The Auto Channel
The Largest Independent Automotive Research Resource
The Largest Independent Automotive Research Resource
Official Website of the New Car Buyer

Earnings Continue to Rebound at Pep Boys; Company Reports $.18 vs. Adjusted $.09 in 1st Quarter

    PHILADELPHIA--May 17, 2001--The Pep Boys - Manny, Moe & Jack , the nation's leading full service automotive aftermarket chain, announced a significant increase in earnings per share for the thirteen weeks ended May 5, 2001.
    The Company earned $.18 per share as compared to the $.09 reported last year before inclusion of a $.04 per share net gain on the early retirement of debt.

    Sales

    Sales for the quarter ended May 5, 2001, which reflected the negative impact of 38 store closures and other steps that were taken in October 2000 in conjunction with implementing the Company's previously announced "Profit Enhancement Plan," were $551,383,000, 10.3% less than the $614,809,000 recorded last year.
    Service labor revenue, exclusive of installed product, was $108,474,000, 7.4% less than the $117,089,000 recorded last year.
    Continued weakness in "do-it-yourself" sales, challenging economic conditions and the negative impact of steps that were taken in October 2000, collectively contributed to the 7.6% decline in comparable store sales. During the quarter, comparable service labor revenue and comparable merchandise sales declined 4.0% and 8.5% respectively.
    Service labor revenue, installed product, tires and commercial delivery accounted for approximately 56% of total sales.

    Earnings

    An improvement in merchandise and service center margins as well as lower operating expenses more than offset the decline in sales. As a result, the Company achieved net earnings of $9,108,000 ($.18 per share - basic and diluted), compared to $6,447,000 ($.13 per share - basic and diluted), which includes $2,040,000 ($.04 per share - basic and diluted) net gain on the early retirement of debt.

    Commentary

    Pep Boys' Chief Executive Officer, Mitchell G. Leibovitz, made the following comments:
    "We are pleased to report a significant improvement in our first quarter results.
    "The improvement in our performance was a direct result of the steps that we took last October to enhance our future profitability. Although many of those steps have had a negative impact on sales, they have had a positive impact on earnings.
    "That being said, April sales were better than the levels that we achieved in February and March and we anticipate continued improvement in our merchandise margins, gross profit from service center operations and general and administrative expenses. As a result, we enter our second quarter with optimism."

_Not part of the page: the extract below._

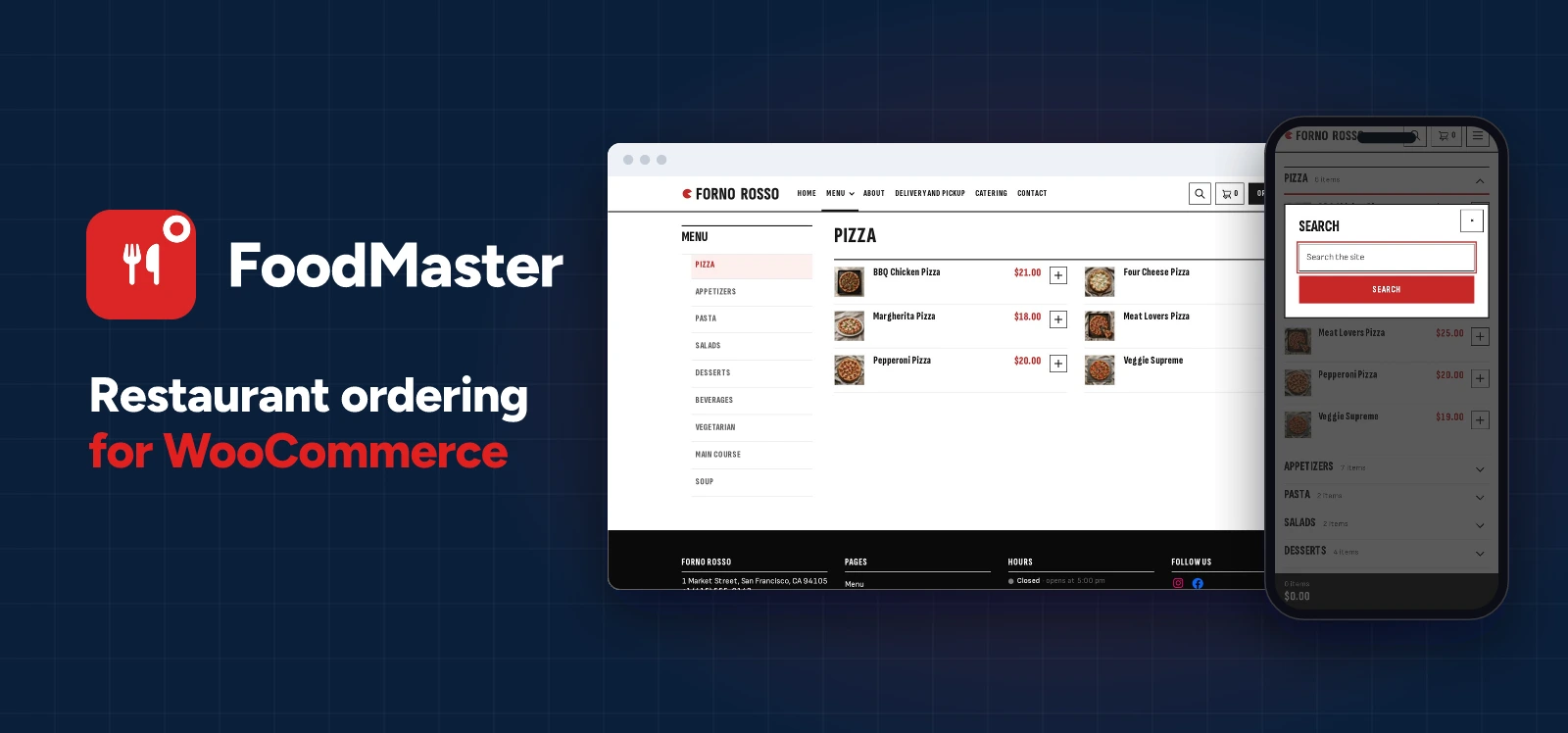 FoodMaster restaurant ordering for WooCommerce: side menu ordering page and accordion menu on a phone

	   Pep Boys Financial Highlights

                                      Thirteen          Thirteen
                                     Weeks Ended       Weeks Ended                                 
                                     May 5, 2001      April 29, 2000
                                    ------------      --------------
Total Revenues                      $551,383,000       $614,809,000
Net Earnings                        $  9,108,000       $  6,447,000(a)
Average Shares-Diluted                51,266,000         51,001,000
Basic Earnings Per Share            $        .18       $        .13(a)
Diluted Earnings Per Share          $        .18       $        .13(a)

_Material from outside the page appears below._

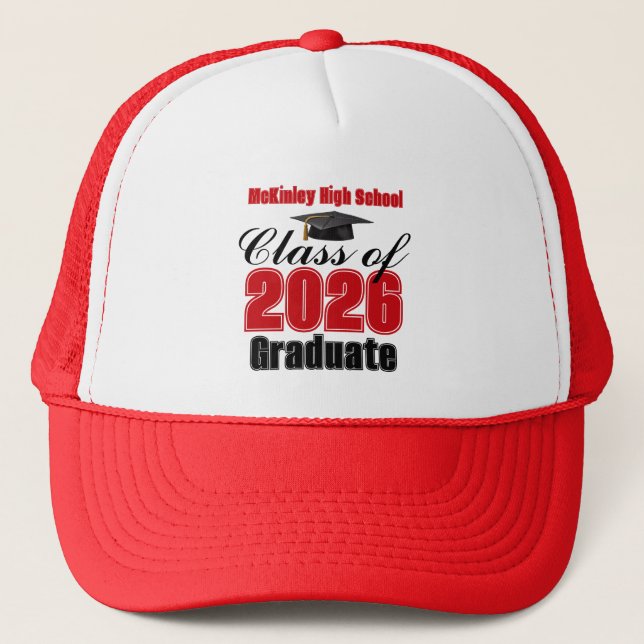 Casquette Red Class of 2026 Graduation Custom (Devant)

	   (a) Includes $2,040,000 ($.04 per share - basic and diluted) net
gain on the early retirement of debt


    Notes: Certain statements made herein, including those discussing management's expectations for future periods, are forward-looking and involve risks and uncertainties. The Company's actual results may differ materially from the results discussed in the forward-looking statements due to factors beyond the control of the Company, including the strength of the national and regional economies and retail and commercial consumers' ability to spend, the health of the various sectors of the market that the Company serves, the weather in geographical regions with a high concentration of the Company's stores, competitive pricing, location and number of competitors' stores and product and labor costs. Further factors that might cause such a difference include, but are not limited to, the factors described in the Company's filings with the Securities and Exchange Commission.

    In accordance with the SEC's recently adopted Regulation FD (fair disclosure), investors will now have an opportunity to listen to the Company's quarterly conference calls discussing its results and related matters. The calls will be broadcast live over the Internet at Broadcast Networks' Vcall web site, located at http://www.vcall.com. The call for the first quarter will be broadcast live on Friday, May 18, at 9:00 AM EST. To listen to the call live, please go to the web site at least 15 minutes early to register, download and install any necessary audio software. For those who cannot listen to the live broadcast, a replay will be available shortly after the call. Supplemental financial information is available on Pep Boys web site at www.pepboys.com.